Kurt Cyrus: It's the storytelling. I love
doing a sequence of pictures tied to a narrative.
Magazine illustrations also tell stories, but
they're usually designed to grab the reader's
attention, have an immediate impact, and then
be forgotten with the turn of a page. Books are
less disposable. I like the idea that a kid might
take the time to enter into this little world
I'm creating, wander around in it, and return
again some other day. That's how I used to read
books.
Also, the subject matter is all over the place,
which keeps it fresh. From bugs to wooly mammoths
to skeletons to Jasper Dash's amazing inventions,
it's an endless parade of fun stuff.
Logan: Was that always where you were
headed, or did you try your hand at other art forms
along the way?
Kurt Cyrus: Children's books didn't even
occur to me until a friend at illustration school
started going on and on about it. He was Lane
Smith, and kids' books were his great passion.

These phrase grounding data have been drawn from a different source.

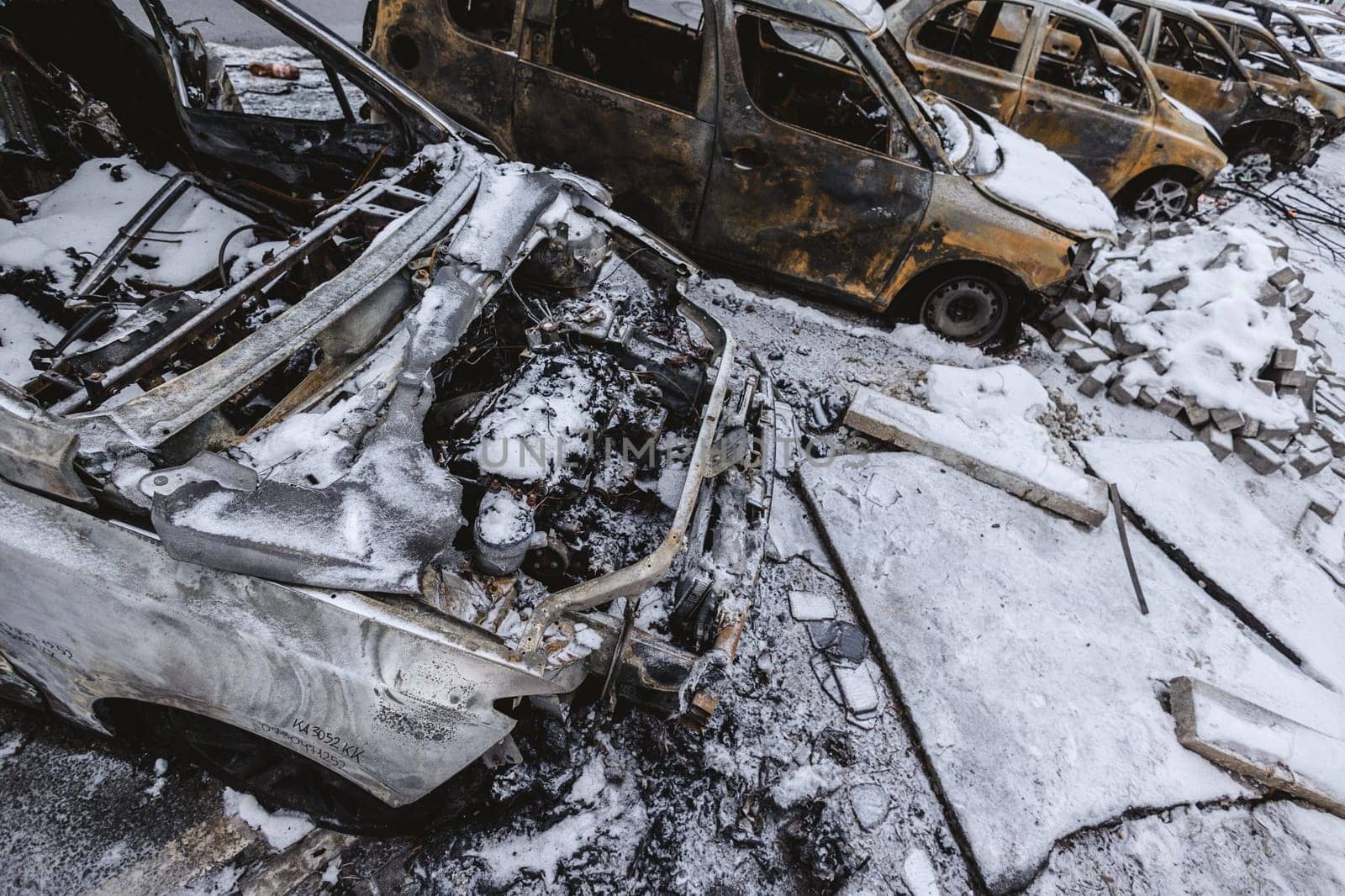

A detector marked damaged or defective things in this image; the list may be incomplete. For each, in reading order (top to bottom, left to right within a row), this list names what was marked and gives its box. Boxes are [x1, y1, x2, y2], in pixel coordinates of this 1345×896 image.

charred car door [508, 0, 720, 245]
burned car [366, 0, 1113, 343]
rusted car body [368, 0, 1113, 343]
charred car door [688, 9, 931, 303]
burnt car interior [736, 14, 893, 150]
charred car door [904, 0, 1038, 120]
burned car [888, 0, 1232, 216]
rusted car body [893, 0, 1232, 216]
charred car door [1011, 9, 1151, 192]
charred car door [1146, 8, 1247, 132]
rusted car body [1086, 0, 1318, 165]
burned car [1086, 0, 1318, 169]
rusted car body [1189, 0, 1345, 140]
burned car [1189, 0, 1345, 141]
burned car [0, 0, 774, 823]
rusted car body [0, 0, 774, 823]
burnt car wreck [0, 0, 774, 823]
broken concrete slab [844, 384, 1108, 524]
broken concrete slab [1076, 435, 1345, 693]
broken concrete slab [796, 455, 1345, 893]
broken concrete slab [1167, 677, 1345, 818]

At first I was a little puzzled, but over time
I started catching the bug. I dropped out of art
school but Lane finished, went to New York, and
lived his dream. That eventually lit a fire under
me. I never did try other kinds of art or illustration
professionally.
Logan: This is the Lane Smith who illustrated
The Stinky Cheese Man, I presume?
Kurt Cyrus: That's him. We had quite a
mix of students at Art Center. My first year there
I roomed with Paul Chadwick, who went on to create
the Concrete comics among other things, and Tom
Kinkade, aka the Painter of Light (TM). We shared
a two bedroom apartment. I slept on the living
room floor with the fleas and roaches.
Logan: Quite the resumé for that school.
Was there a lot of pressure to make a splash,
or did everyone's careers evolve around the same
time?
Kurt Cyrus: We were very competitive from
the start, at least in the illustration program.

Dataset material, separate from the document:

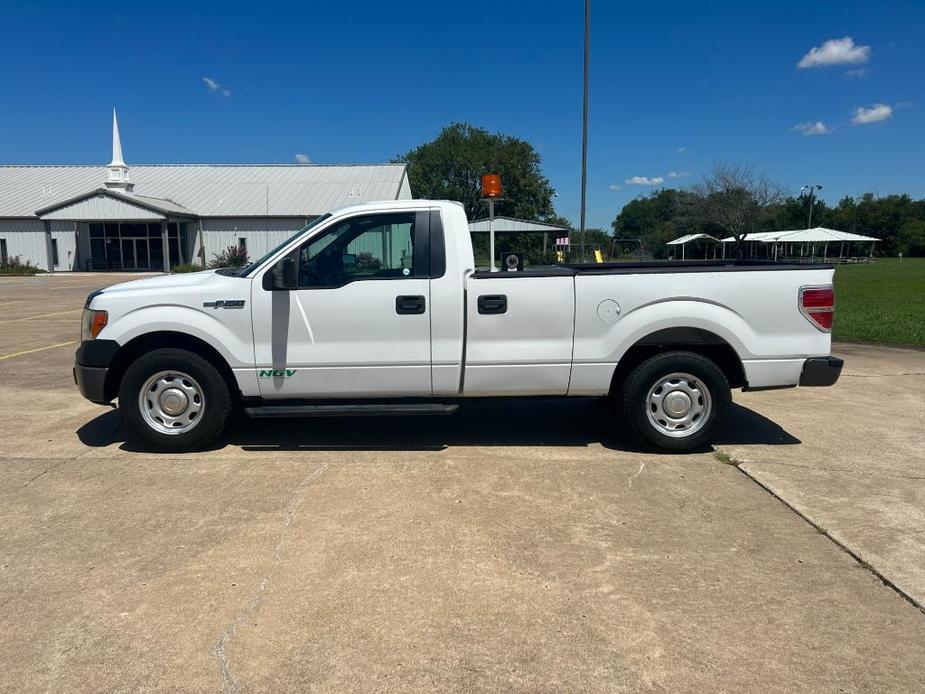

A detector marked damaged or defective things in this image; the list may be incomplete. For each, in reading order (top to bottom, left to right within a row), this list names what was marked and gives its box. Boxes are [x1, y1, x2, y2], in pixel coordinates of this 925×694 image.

When a student was called "hot", the reference
was not to sexiness but to drawing ability. Also,
"making it" referred to a post-Art Center career.
Everyone wanted to paint the cover of Time
Magazine. For some reason, that was the holy
grail. One of my classmates, Matt Mahurin, actually
accomplished that in short order.
Logan: What had originally been your intentions
for your illustration?
Kurt Cyrus: I was pretty vague about that.
All I knew was that nothing else was working out
for me. I had previously dropped out of forestry
school, and had dabbled briefly in other things.
Since drawing was my only real strength, I thought
I'd take a stab at it.
Logan: Were you doing watercolors then,
or just drawing?
Kurt Cyrus: Drawing, and oil painting.
But really, my paintings are just colored drawings.
I'm more a draftsman than a painter.
Logan: Your watercolors are excellently
done, though. Did you have any formal training
in them at all?
Kurt Cyrus: Some classes involved watercolor,
but a lot of it for me was on-the-job trial and
error. It wasn't until my eighth book or so that
I figured out how to do a decent wash.
Logan: Did you start using them as a speed
issue? It isn't the easiest medium...
Kurt Cyrus: Partly speed. But also because
watercolors scan well. When I paint with oils
I like to use glazes, which sometimes don't scan
well because of surface gloss.
Logan: You said you never did other illustration
work outside of illustrating for children - how
soon after college did you get work in the field?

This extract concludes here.